TASK PROMPT: Your task is to give the listing below back word for word, pictures excluded.

RAW DATA:
______

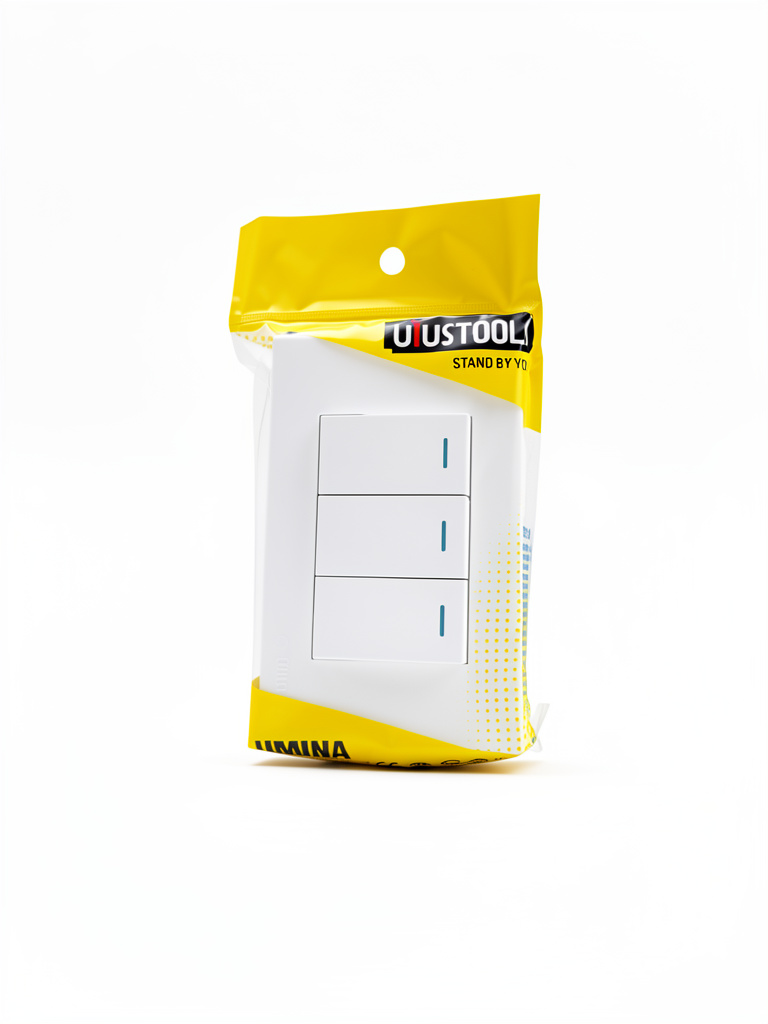 interruptor triple uyustools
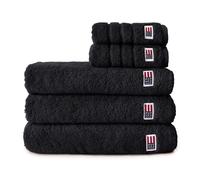 Lexington Serviette de bain Icons Original 70x130 cm Black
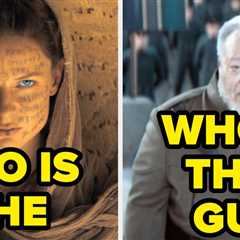 If You Can't Pass This Quiz About The First Two Dune Movies, You're Not Fremen Material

______

EXERCISE OUTPUT:
 interruptor triple uyustools
 Lexington Serviette de bain Icons Original 70x130 cm Black
 If You Can't Pass This Quiz About The First Two Dune Movies, You're Not Fremen Material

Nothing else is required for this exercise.